• [WORK TASK]:
Range to output from the entries below: the line containing "Начались продажи мотоцикла" through the line containing "Commerce de détail". Set it down exactly, ends included, nothing else.

• [RAW DATA]:
▬▬▬
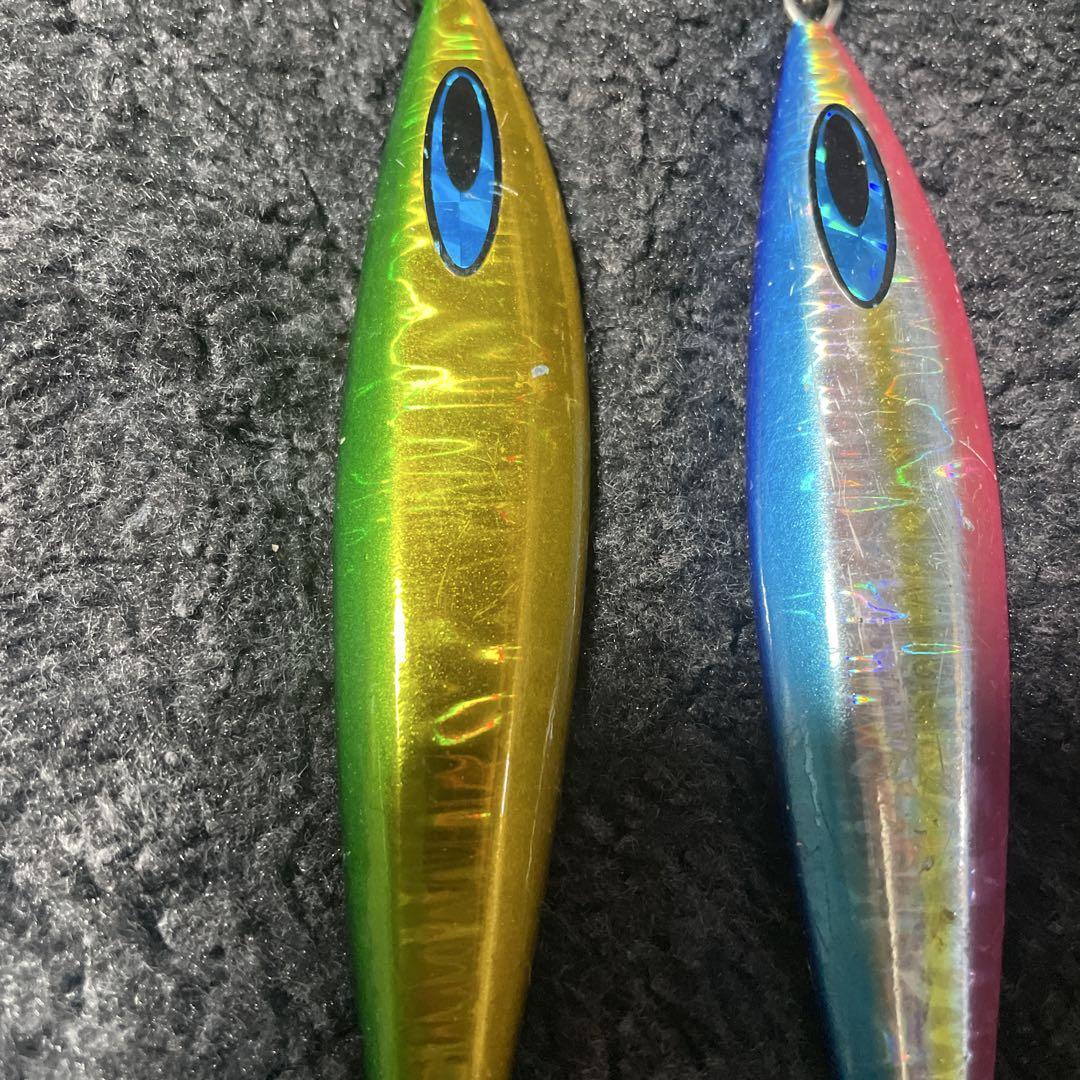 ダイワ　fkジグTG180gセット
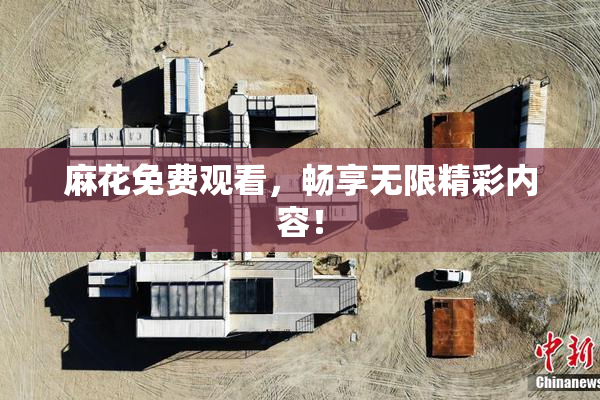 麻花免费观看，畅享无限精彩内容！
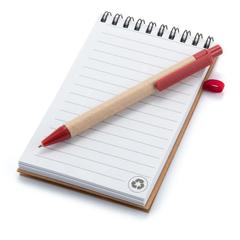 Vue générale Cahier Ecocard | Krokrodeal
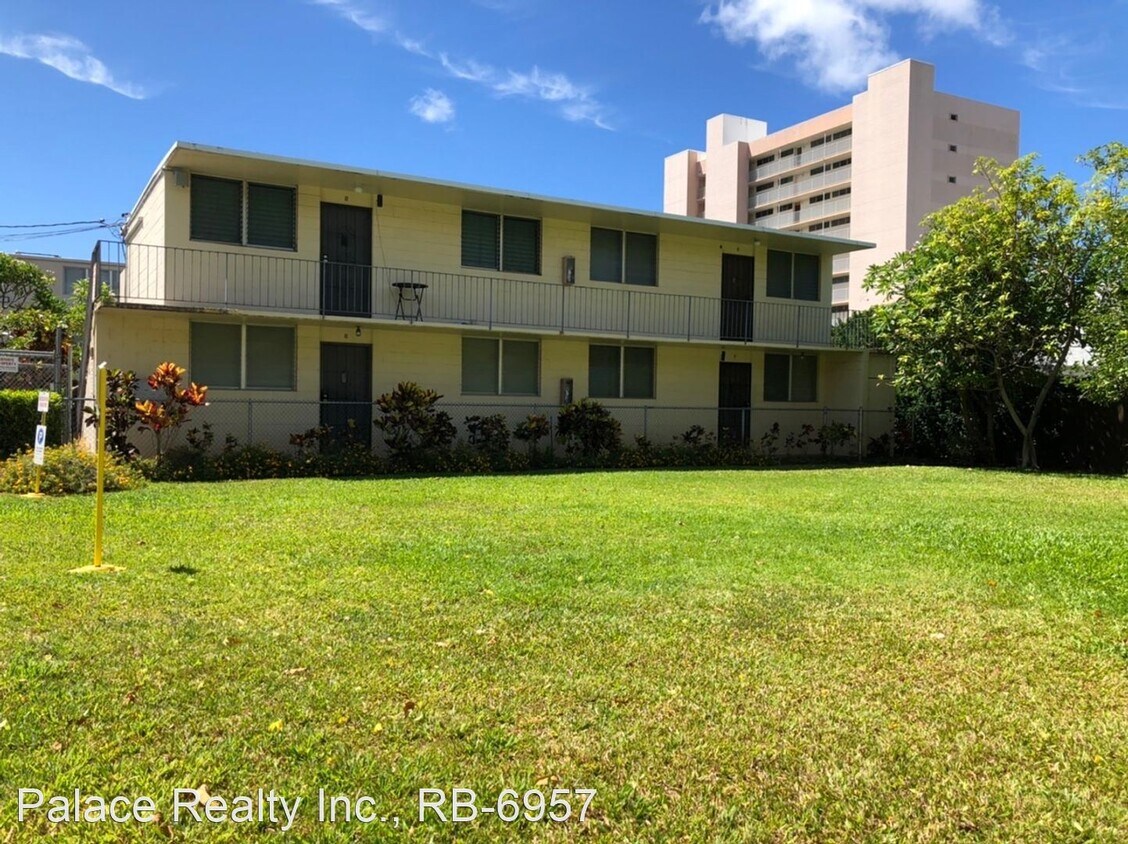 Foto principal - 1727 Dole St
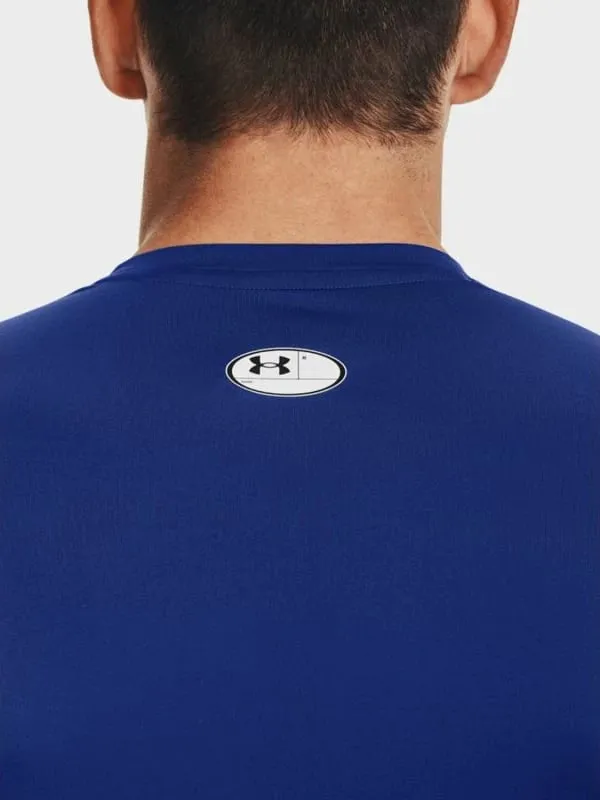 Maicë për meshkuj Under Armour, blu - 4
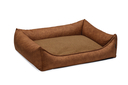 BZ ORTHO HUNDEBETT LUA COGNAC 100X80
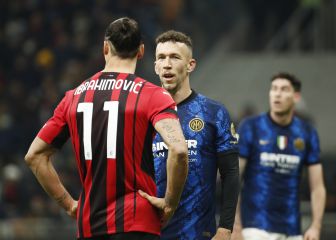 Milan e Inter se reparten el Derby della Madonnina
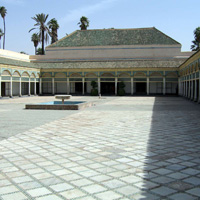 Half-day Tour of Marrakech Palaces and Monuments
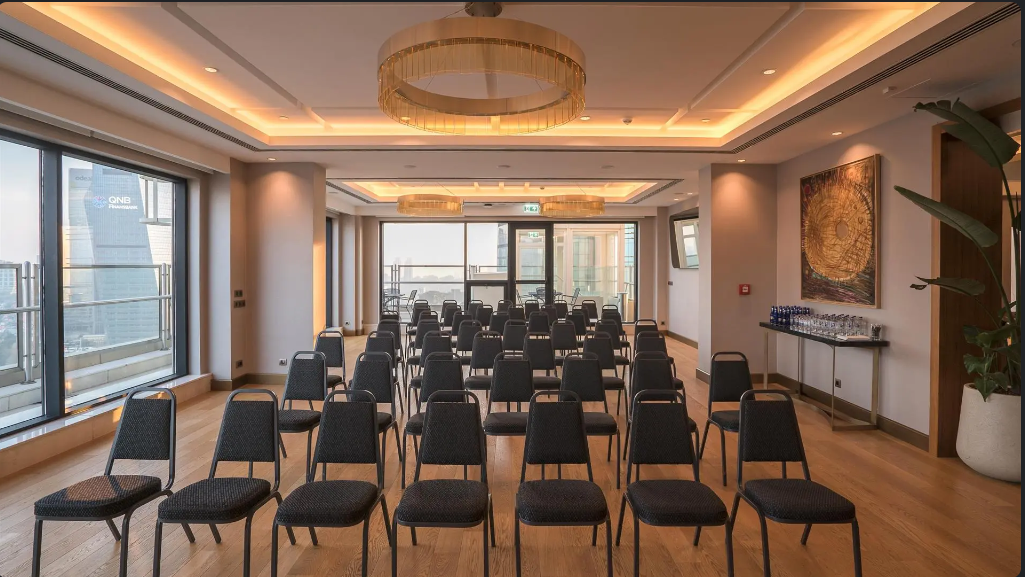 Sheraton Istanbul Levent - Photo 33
▬▬▬
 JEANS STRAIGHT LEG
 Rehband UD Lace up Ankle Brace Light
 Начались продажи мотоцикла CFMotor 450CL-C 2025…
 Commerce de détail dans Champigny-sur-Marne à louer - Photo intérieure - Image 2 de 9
▬▬▬
• [RESULT OF THIS TASK]:
 Начались продажи мотоцикла CFMotor 450CL-C 2025…
 Commerce de détail dans Champigny-sur-Marne à louer - Photo intérieure - Image 2 de 9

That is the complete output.